Vancouver’s new mayor says the massive 56-centimetre ballot and long lines during the weekend election he won are an argument for a ward structure in Canada’s third largest city to replace the at-large system now in use.

“I do think it’s really a product of the at-large electoral system that we really need to get rid of. We had the mile-long ballot that every candidate has to be on because of the at-large system,” Kennedy Stewart said in an interview on Monday.

“The system is past its sell-by date and we need to change it,” the former NDP MP elected mayor said on Saturday. Mr. Stewart, who will be sworn in on Nov. 5, ran as an independent.

Mr.
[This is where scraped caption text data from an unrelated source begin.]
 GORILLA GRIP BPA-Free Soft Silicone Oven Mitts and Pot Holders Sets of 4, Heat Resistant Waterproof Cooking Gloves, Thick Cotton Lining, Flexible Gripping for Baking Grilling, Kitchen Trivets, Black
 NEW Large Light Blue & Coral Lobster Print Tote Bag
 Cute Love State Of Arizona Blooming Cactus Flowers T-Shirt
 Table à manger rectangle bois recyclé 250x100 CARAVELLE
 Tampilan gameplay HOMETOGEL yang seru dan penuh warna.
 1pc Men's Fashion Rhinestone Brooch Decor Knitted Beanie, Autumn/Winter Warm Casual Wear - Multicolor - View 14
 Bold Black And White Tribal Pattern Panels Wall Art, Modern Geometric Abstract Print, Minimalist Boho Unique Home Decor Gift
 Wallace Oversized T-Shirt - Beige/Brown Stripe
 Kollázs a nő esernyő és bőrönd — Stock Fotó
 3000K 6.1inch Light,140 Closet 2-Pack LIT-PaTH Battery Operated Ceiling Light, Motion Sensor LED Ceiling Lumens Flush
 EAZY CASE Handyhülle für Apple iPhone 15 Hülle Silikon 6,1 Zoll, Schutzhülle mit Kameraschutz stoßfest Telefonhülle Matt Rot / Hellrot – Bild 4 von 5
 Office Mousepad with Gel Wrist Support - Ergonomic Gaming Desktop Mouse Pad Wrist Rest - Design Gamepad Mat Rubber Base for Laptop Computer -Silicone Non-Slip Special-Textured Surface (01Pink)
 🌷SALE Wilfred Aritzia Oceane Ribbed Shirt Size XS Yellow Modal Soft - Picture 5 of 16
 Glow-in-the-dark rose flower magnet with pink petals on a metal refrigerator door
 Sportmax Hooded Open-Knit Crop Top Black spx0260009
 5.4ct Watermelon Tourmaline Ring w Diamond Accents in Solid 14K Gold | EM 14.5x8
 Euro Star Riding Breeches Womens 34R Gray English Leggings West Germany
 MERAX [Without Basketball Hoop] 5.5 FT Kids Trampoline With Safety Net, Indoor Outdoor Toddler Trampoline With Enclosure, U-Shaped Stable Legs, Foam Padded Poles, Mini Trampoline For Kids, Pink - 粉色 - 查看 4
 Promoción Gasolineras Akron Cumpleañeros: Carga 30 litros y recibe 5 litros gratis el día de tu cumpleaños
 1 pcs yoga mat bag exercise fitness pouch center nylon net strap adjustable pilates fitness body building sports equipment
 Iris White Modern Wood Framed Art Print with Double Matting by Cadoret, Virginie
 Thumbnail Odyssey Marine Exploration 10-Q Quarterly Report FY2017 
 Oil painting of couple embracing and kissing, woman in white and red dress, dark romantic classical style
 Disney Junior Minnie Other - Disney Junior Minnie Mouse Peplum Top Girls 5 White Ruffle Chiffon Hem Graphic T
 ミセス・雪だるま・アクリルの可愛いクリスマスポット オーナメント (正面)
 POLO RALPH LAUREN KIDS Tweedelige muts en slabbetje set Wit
Stewart said he will be watching for Vancouver results from a pending provincial referendum on proportional representation, but that electoral change in the city would require the approval of the British Columbia government.

In 2004, voters in Vancouver rejected the idea of revamping the municipal system in place and ruling out the wards system that every other major city in Canada has in which councillors represent specific neighborhoods. The No side received 54 per cent of ballots in the plebiscite.

Former Vancouver mayor Mike Harcourt, also an ex-B.C. premier, said the weekend voting situation was additional fodder for reviving the debate over a wards system.

Mr. Harcourt said in an interview on Monday that a wards system would offer an alternative to last weekend’s election with a ballot featuring 158 names seeking 27 positions.

“You would be able to have a sane ballot rather than 158 people on it,” Mr. Harcourt said.

He said the parks board and school board could be elected by wards as well. “There’s all sorts of ways you could do it,” he said.

“The best argument is it would assure every area of the city a representative on the council and allow citizens to have a less daunting voting experience,” he said, adding it would facilitate “human-scale” elections in terms of getting to know the candidates.

It took awhile for results to be tabulated in Vancouver on election night – the result of long lineups at polling stations. In some places, returning officers were taking people’s ballots in their “secrecy sleeves” – a cardboard folder that hides the vote choices until the ballot is fed into a tabulating machine.

In a pair of statements on Monday, city official Jhenifer Pabillano said all of the city’s 136 tabulating machines were deployed for the election. It took 22 seconds to cast each ballot since they were about 12 centimetres longer “than a typical ballot” because of the list of 158 names.

“While many voting locations were busy, there were many that were not busy and had no lineups,” one of the statements said. “Busy locations were busy based on where voters chose to vote. Over half of our locations were not busy.” At locations with lineups, voters were advised by staff of the length of the wait and alternative places to vote.

On Monday, Mr. Stewart’s victory was validated by his closest rival in the election.

In a statement, Ken Sim of the centre-right Non-Partisan Association (NPA) issued a statement conceding the race to Mr. Stewart.

Early Sunday morning, with Mr. Stewart only about 800 votes ahead of him as the results of the last poll were disclosed, Mr. Sim had declined to concede, saying he needed to consult NPA advisers.

“I apologize that it has taken time to acknowledge that Kennedy Stewart won the mayoral election," Mr. Sim said in his statement. “Given the close nature of the result, we believed that we owed it to our supporters and the city to ensure we had the correct result. This was not done to take away from Kennedy Stewart or his team’s accomplishment in any way.”